**YOUR TASK**.
Nothing past the line containing "May include: A white" belongs in the output. Copy exactly every line of the data below from the first up to and including it.

######

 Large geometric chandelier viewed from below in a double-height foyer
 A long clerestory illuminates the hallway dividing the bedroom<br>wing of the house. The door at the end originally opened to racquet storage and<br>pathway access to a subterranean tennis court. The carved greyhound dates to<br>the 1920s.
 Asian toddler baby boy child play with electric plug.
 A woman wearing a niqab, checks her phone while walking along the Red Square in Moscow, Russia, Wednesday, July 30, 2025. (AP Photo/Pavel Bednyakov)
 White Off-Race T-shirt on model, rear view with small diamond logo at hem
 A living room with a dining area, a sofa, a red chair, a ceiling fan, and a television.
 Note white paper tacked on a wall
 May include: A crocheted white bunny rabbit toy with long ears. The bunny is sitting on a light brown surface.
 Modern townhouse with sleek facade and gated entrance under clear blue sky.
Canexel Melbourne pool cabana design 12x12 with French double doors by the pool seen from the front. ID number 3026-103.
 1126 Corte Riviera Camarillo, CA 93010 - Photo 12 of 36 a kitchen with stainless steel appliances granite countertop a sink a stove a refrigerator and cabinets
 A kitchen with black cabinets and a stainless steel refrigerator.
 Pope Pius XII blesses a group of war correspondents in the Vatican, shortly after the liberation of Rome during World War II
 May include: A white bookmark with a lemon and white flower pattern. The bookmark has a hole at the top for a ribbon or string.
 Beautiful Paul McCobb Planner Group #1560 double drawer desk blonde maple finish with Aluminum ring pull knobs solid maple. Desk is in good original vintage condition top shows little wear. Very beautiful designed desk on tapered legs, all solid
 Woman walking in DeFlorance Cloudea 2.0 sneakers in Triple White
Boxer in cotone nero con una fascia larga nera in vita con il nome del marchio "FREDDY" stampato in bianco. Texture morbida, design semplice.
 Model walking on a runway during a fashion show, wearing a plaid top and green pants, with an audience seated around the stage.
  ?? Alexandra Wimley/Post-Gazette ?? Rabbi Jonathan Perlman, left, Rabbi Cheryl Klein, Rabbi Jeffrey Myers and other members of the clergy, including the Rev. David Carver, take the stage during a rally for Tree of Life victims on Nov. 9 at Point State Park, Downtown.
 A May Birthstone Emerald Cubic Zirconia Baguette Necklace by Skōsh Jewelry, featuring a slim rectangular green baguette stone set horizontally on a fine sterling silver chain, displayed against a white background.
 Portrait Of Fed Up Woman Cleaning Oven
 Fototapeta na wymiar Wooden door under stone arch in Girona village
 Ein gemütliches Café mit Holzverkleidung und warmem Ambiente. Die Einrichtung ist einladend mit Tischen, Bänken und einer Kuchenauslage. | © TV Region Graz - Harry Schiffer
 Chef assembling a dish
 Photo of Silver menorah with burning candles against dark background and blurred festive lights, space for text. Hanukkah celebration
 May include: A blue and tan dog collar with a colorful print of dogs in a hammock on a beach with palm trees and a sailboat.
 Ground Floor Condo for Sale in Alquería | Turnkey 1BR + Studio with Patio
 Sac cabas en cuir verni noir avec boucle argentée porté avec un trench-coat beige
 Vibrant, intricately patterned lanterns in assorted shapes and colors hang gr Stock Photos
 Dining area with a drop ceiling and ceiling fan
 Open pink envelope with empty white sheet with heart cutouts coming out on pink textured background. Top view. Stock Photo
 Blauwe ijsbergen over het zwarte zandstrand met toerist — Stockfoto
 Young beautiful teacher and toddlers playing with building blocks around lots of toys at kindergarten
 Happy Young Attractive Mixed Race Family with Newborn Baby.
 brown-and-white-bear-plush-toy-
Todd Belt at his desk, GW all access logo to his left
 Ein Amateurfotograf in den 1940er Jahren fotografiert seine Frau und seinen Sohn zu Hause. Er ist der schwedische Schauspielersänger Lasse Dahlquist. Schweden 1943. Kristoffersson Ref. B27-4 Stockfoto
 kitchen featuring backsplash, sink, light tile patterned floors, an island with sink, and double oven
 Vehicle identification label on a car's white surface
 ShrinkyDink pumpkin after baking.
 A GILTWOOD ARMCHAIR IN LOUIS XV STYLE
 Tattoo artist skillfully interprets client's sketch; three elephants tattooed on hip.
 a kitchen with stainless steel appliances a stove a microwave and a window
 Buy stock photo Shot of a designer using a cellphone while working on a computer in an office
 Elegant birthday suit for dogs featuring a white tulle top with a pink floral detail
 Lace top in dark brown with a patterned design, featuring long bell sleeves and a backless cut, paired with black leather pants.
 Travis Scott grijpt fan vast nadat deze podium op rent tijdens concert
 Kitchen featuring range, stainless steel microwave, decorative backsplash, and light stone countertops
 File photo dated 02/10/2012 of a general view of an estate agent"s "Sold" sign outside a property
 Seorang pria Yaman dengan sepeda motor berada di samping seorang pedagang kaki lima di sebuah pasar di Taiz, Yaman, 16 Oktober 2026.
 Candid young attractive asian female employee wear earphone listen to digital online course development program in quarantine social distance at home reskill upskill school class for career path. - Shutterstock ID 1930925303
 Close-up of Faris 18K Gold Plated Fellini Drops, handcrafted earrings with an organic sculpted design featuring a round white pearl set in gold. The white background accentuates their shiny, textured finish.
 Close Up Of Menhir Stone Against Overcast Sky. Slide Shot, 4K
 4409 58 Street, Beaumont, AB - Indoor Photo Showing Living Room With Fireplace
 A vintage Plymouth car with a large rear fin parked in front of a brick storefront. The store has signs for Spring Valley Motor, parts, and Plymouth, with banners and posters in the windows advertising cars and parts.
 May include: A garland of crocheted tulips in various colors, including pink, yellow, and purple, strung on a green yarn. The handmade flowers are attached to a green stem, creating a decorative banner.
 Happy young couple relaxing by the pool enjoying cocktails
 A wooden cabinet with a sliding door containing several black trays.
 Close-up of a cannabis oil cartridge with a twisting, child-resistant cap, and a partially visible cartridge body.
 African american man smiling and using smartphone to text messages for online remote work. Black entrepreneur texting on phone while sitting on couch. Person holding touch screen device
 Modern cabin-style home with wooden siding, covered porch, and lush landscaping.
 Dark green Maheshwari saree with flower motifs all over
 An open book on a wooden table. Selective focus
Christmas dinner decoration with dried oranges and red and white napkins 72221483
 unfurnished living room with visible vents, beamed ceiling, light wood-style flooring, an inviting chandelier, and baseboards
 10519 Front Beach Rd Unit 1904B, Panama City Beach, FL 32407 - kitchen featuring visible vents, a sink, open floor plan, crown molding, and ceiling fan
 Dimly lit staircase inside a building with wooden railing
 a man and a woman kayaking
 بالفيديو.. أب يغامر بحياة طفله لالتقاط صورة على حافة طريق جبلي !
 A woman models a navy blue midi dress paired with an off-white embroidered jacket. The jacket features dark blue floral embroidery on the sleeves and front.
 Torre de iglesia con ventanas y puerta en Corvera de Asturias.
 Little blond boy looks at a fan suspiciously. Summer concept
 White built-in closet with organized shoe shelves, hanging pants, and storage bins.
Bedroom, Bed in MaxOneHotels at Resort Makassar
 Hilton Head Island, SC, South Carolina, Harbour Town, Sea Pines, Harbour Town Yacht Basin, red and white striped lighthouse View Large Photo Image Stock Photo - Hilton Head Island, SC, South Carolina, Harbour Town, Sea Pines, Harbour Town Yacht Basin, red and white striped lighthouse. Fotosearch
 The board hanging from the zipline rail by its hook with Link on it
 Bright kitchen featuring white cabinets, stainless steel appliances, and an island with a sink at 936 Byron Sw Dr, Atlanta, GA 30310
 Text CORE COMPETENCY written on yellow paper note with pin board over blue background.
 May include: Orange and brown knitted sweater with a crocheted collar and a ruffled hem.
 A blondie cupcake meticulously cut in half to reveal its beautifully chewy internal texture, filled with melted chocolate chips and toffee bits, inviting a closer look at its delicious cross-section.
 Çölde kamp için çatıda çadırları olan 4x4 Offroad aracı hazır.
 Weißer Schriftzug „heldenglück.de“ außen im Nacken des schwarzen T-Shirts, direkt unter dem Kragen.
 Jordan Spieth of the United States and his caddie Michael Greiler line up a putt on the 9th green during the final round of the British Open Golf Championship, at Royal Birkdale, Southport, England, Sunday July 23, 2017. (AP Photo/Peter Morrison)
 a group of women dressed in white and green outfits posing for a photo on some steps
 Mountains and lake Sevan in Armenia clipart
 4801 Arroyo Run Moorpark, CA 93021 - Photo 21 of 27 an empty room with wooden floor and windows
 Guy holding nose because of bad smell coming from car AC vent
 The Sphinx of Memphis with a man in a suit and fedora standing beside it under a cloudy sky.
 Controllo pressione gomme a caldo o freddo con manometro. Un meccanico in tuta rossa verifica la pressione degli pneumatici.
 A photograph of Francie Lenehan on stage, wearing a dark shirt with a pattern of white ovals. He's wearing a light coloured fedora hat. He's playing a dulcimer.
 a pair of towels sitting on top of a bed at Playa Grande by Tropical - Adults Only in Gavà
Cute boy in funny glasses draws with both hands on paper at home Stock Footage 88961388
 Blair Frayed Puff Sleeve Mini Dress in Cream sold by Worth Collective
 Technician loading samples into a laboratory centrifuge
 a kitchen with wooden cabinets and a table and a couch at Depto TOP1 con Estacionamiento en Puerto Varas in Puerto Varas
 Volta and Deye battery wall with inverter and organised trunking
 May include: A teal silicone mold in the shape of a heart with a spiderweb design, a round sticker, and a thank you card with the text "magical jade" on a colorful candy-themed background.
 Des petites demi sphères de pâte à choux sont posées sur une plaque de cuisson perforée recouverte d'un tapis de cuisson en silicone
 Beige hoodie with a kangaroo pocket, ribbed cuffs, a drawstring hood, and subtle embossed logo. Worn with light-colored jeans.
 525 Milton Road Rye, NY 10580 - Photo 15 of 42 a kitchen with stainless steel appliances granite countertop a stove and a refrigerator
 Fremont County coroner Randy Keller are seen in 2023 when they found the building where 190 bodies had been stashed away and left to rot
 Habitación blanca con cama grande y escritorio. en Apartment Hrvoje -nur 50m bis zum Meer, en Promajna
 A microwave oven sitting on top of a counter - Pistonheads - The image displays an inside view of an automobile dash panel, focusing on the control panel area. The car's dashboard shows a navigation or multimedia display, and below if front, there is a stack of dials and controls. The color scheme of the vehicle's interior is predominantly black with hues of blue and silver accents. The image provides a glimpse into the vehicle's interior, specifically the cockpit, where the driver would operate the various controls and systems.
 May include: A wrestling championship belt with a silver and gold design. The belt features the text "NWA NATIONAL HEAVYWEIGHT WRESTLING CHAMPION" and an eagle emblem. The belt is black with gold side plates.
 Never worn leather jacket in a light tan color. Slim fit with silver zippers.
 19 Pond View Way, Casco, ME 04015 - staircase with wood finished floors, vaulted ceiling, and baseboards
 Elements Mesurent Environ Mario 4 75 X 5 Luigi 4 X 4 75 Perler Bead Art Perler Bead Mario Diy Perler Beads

######

**OUTPUT**.
 Large geometric chandelier viewed from below in a double-height foyer
 A long clerestory illuminates the hallway dividing the bedroom<br>wing of the house. The door at the end originally opened to racquet storage and<br>pathway access to a subterranean tennis court. The carved greyhound dates to<br>the 1920s.
 Asian toddler baby boy child play with electric plug.
 A woman wearing a niqab, checks her phone while walking along the Red Square in Moscow, Russia, Wednesday, July 30, 2025. (AP Photo/Pavel Bednyakov)
 White Off-Race T-shirt on model, rear view with small diamond logo at hem
 A living room with a dining area, a sofa, a red chair, a ceiling fan, and a television.
 Note white paper tacked on a wall
 May include: A crocheted white bunny rabbit toy with long ears. The bunny is sitting on a light brown surface.
 Modern townhouse with sleek facade and gated entrance under clear blue sky.
Canexel Melbourne pool cabana design 12x12 with French double doors by the pool seen from the front. ID number 3026-103.
 1126 Corte Riviera Camarillo, CA 93010 - Photo 12 of 36 a kitchen with stainless steel appliances granite countertop a sink a stove a refrigerator and cabinets
 A kitchen with black cabinets and a stainless steel refrigerator.
 Pope Pius XII blesses a group of war correspondents in the Vatican, shortly after the liberation of Rome during World War II
 May include: A white bookmark with a lemon and white flower pattern. The bookmark has a hole at the top for a ribbon or string.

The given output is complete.